Prison reform is reducing inmate populations from big America cities — but, in many suburbs and rural communities, it's just the reverse. The same crimes that call for probation or just months in jail in Cincinnati, Ohio, are leading to years in prison in nearby Dearborn County, Indiana. The new convicts are not Latinos and African Americans, imprisoned disproportionately for so many years. They're part of the white middle class. One reason is the addiction to prescription drugs that's created a new market for cheap heroin and the crime that goes with it. It's also due to the punitive use of discretion by prosecutors and judges -- raising new questions about equal treatment under the law.

Guests:
Josh Keller, New York Times (@joshkellerjosh)
Aaron Negangard, District Attorney's Office of Dearborn and Ohio Counties (@AaronNegangard)
Marc Mauer, Sentencing Project (@SentencingProj)
Lisa Roberts, Scioto County Drug Free Communities Support Program

More:
Keller on increased incarceration in Indiana
The Sentencing Project on drug policy in America

Is there a constitutional right to literacy? 9 MIN, 2 SEC

Students in some Detroit schools say they’re being cheated out of an education.
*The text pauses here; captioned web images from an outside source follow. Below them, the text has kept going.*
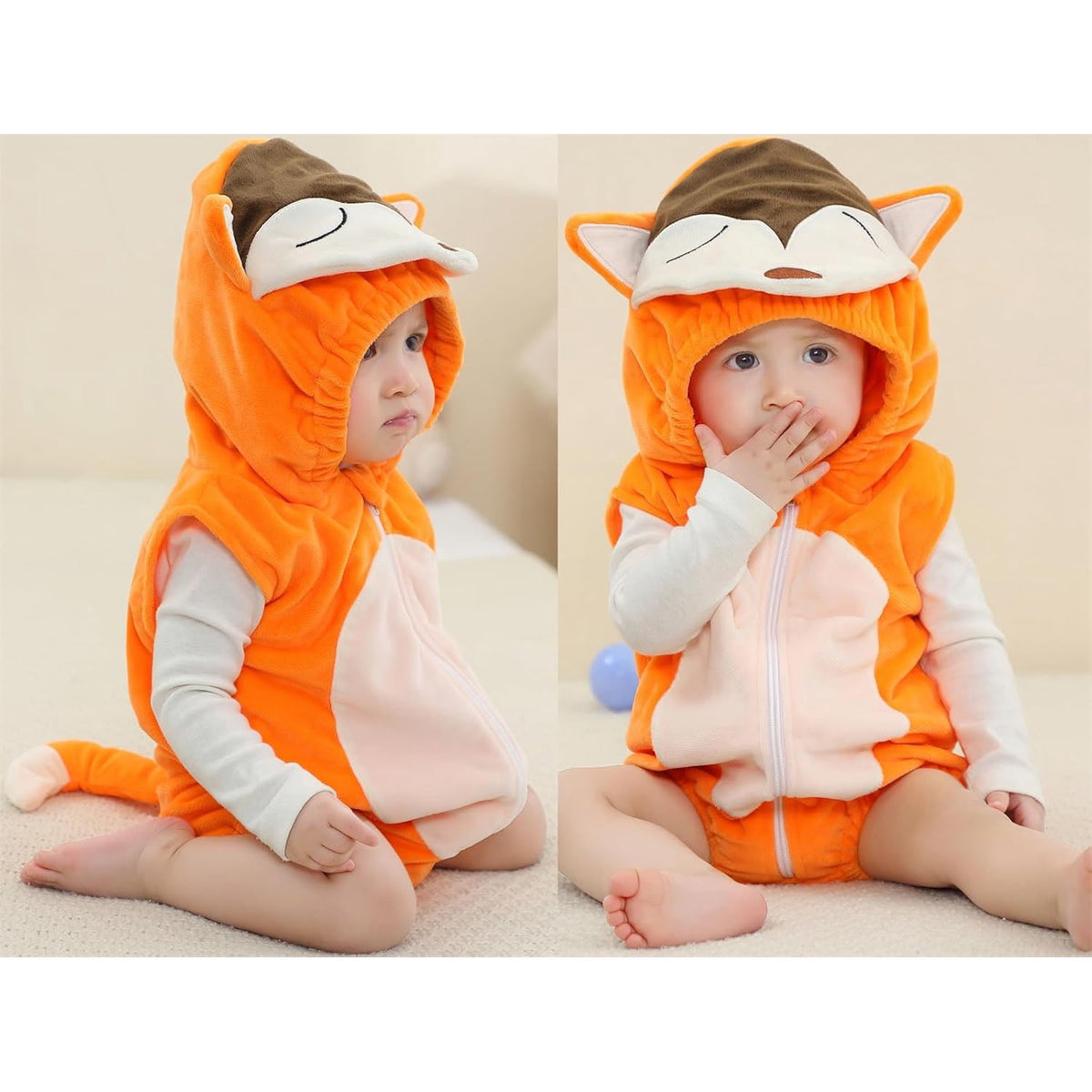 WIBACKER 0-24M Baby Boy Dinosaur Costume for Themed Parties and Halloween, Flannel Hooded Outfit Suit
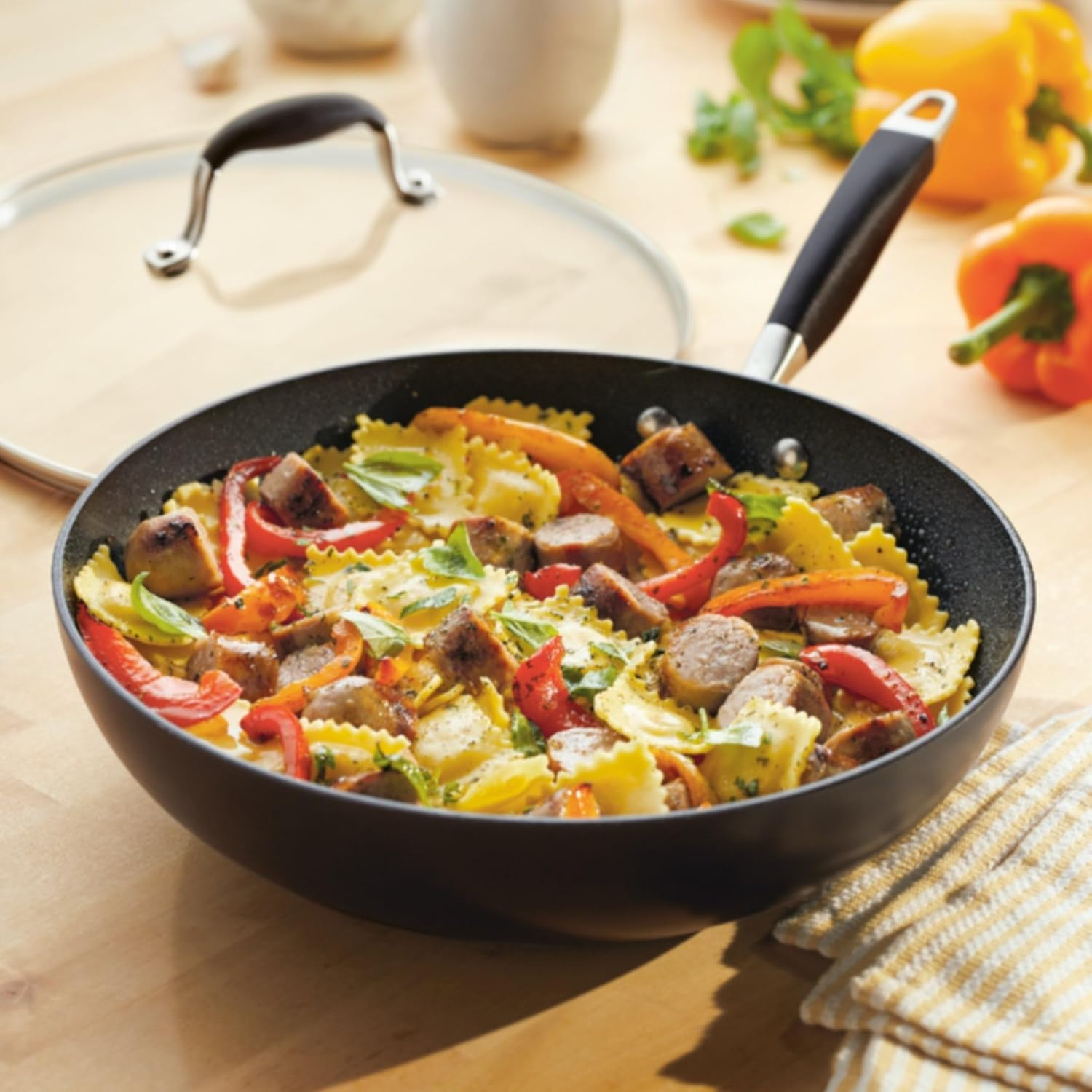 Anolon Advanced Home 30Cm Covered Ultimate Pan &ndash; Nonstick Frypan with Lid, Hard Anodised Cookware, Oven Safe to 200&deg;C, Deep Onyx Finish, Suregrip Handle, Durable & Stylish image number 3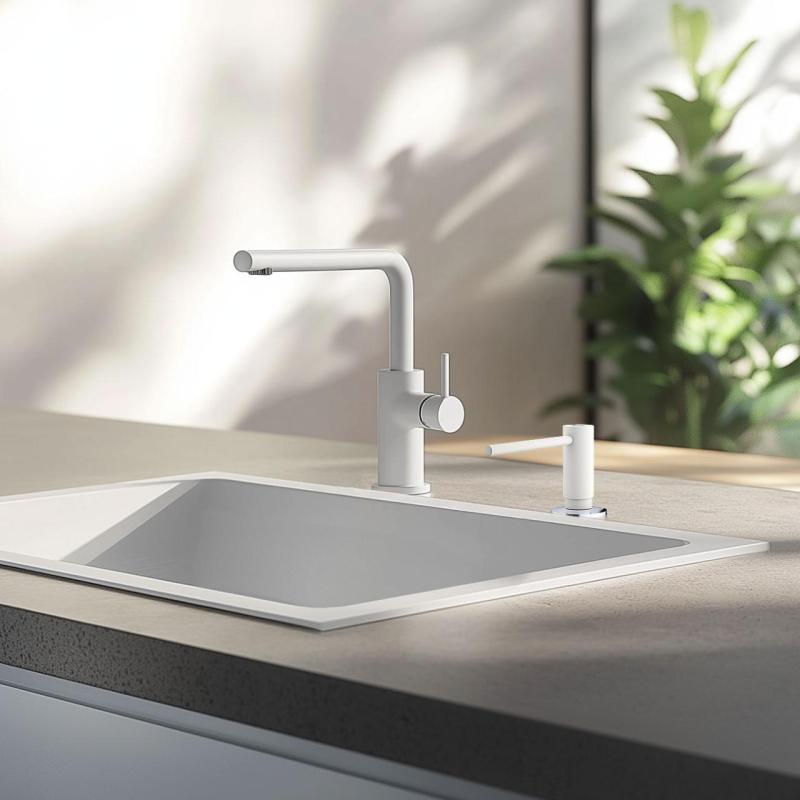 Franke Active keittiön sisäänrakennettu saippua-annostelija graniitti Polar White Valkoinen 112.0633.079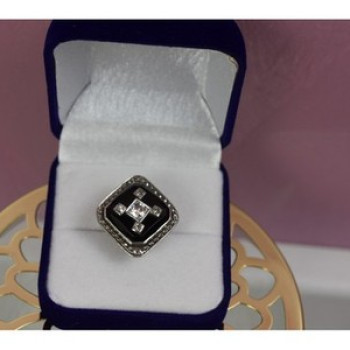 925 Sterling Silver Black Jade, Colorless Sapphire & Marcasite Ring Size 5.5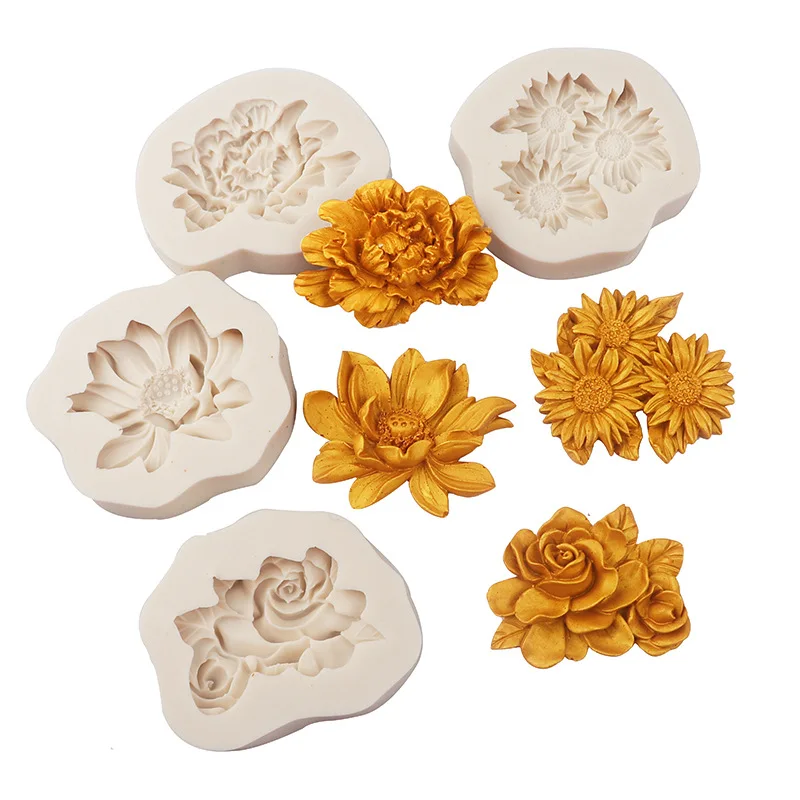 

Bloom Flower Silicone Cake Mold 3D Fondant Mold DIY Fudge Pudding Cupcake Jelly Candy Chocolate Decoration Baking Tool Moulds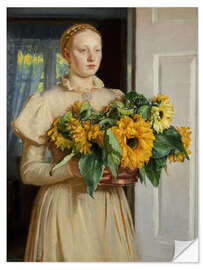 Wandsticker Mädchen mit Sonnenblumen, 1893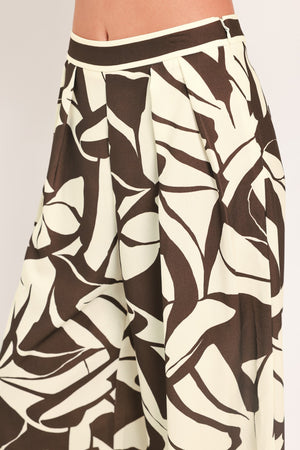 VANILLA VINE MOSAIC WOVEN WIDE LEG PANTS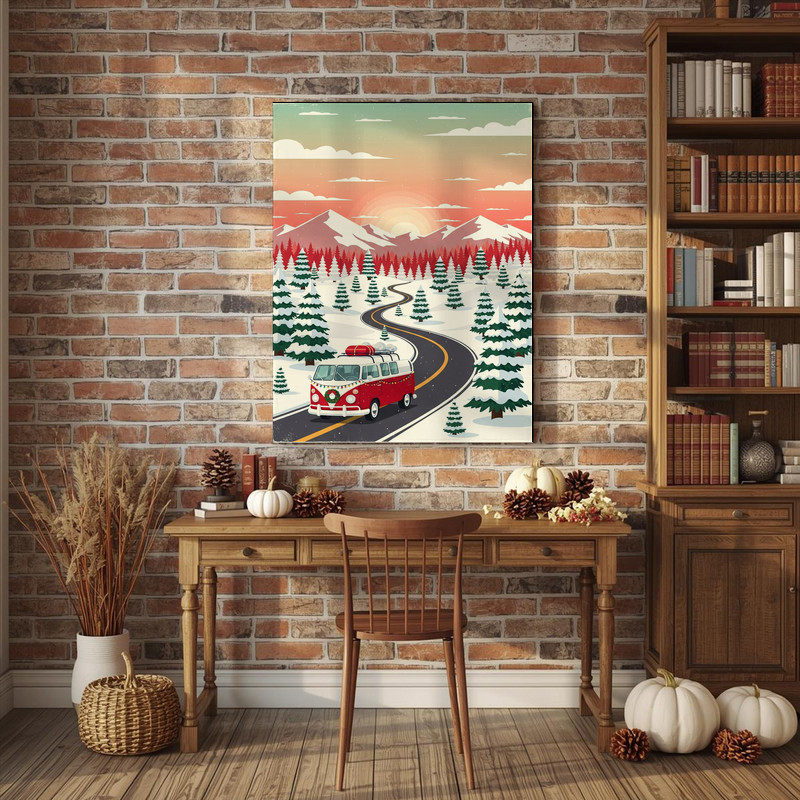 Christmas journey canvas wall art capturing a festive road under a starry sky, warm glow, dorm room wall decor, landscape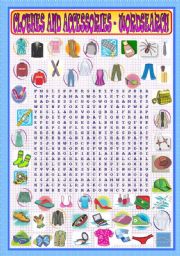 English Worksheet: Clothes and Accessories - Wordsearch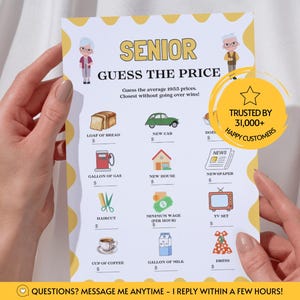 Peut inclure: Une feuille de jeu blanche intitul&eacute;e SENIOR GUESS THE PRICE avec des bordures festonn&eacute;es jaunes. Elle pr&eacute;sente des illustrations d'articles comme du pain, une voiture, de l'essence, une maison, un journal, une coupe de cheveux, de l'argent, une t&eacute;l&eacute;, du caf&eacute;, du lait et une robe avec des lignes vides pour les montants.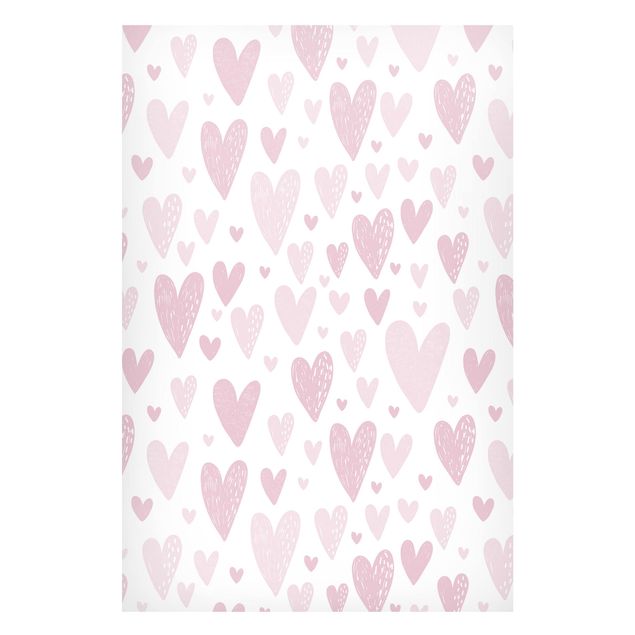 Quadros amor Small And Big Drawn Light Pink Hearts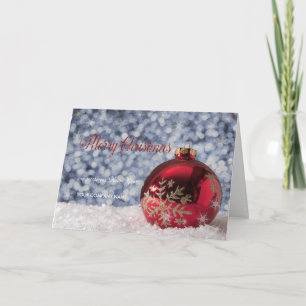 Snowflakes,Christmas Ball Company Greeting Holiday Card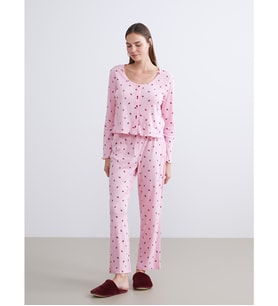 LCW DREAM Pembe Petite U Yaka Çiçekli Kadın Pijama Takımı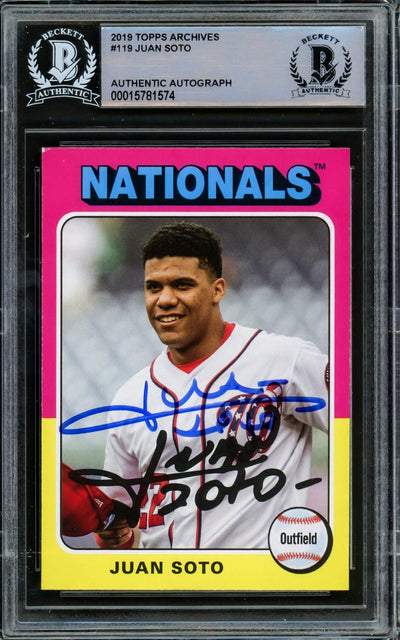 Juan Soto Autographed 2019 Topps Archives Card #119 Washington Nationals Beckett BAS #15781574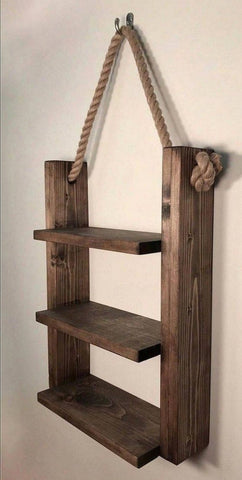 Wooden Hanging Shelves with Rope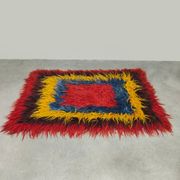 Vintage Turkish Tulu rug carpet 'Geometric colours'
Are they being deprived of a right guaranteed by the Constitution?

Some Detroit schools lack desks, teachers or books and their students have a literacy rate that’s under 10 percent. Now a pro-bono law firm in Southern California wants the courts to extend Brown v. Board of Education, the landmark US Supreme Court Case of 1954. Mark Rosenbaum was formerly with the ACLU of Southern California. Now with the pro-bono law firm Public Counsel, he says the Michigan lawsuit is the first of its kind in the US.